## ASSIGNMENT:
Nothing outside the range below should be printed. Output exactly the lines from the line with "The 2023 Masters" to the line with "Hyundai IONIQ 5 IONIQ 5 72,6 kWh Uniq", both included.

** Opening SOURCE RECORDS block **

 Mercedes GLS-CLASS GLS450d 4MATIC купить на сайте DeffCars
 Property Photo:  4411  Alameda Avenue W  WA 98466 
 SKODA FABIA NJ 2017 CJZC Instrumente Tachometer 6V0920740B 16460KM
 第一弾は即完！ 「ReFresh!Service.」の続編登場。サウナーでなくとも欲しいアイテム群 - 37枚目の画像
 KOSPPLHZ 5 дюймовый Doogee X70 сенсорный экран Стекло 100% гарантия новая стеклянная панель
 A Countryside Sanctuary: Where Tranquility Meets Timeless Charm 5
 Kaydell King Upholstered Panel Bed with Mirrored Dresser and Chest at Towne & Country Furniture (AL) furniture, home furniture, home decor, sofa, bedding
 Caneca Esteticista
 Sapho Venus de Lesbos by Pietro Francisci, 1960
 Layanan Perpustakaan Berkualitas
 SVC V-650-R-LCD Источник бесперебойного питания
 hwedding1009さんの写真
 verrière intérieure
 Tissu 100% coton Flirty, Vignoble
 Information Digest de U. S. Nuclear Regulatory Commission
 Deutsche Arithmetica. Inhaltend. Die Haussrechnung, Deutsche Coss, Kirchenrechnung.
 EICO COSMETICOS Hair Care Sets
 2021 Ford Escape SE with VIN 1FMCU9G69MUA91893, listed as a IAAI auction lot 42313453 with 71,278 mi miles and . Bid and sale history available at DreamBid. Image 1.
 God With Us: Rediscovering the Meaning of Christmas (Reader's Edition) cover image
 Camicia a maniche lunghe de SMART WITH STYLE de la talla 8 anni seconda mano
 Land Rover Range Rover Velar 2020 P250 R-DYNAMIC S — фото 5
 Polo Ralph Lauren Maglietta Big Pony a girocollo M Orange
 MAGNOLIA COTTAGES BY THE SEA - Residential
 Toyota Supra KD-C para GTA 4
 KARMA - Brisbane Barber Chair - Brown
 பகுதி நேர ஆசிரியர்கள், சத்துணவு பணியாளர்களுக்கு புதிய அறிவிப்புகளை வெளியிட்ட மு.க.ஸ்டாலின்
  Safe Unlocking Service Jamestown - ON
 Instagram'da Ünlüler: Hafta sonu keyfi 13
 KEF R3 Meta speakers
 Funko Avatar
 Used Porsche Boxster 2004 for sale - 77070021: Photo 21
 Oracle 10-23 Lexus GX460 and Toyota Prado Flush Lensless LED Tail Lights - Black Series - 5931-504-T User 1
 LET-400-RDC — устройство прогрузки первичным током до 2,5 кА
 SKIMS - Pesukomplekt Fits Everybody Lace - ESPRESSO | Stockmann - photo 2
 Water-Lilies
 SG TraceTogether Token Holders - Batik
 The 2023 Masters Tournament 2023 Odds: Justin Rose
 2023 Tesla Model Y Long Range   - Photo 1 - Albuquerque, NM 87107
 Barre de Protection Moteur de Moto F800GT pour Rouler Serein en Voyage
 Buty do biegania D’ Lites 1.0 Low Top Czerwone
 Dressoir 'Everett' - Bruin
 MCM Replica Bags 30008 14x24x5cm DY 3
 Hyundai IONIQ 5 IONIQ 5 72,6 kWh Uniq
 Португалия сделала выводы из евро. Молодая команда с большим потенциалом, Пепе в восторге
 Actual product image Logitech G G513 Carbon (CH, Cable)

** Closing SOURCE RECORDS block **

## RESPONSE FOR THIS EXERCISE:
 The 2023 Masters Tournament 2023 Odds: Justin Rose
 2023 Tesla Model Y Long Range   - Photo 1 - Albuquerque, NM 87107
 Barre de Protection Moteur de Moto F800GT pour Rouler Serein en Voyage
 Buty do biegania D’ Lites 1.0 Low Top Czerwone
 Dressoir 'Everett' - Bruin
 MCM Replica Bags 30008 14x24x5cm DY 3
 Hyundai IONIQ 5 IONIQ 5 72,6 kWh Uniq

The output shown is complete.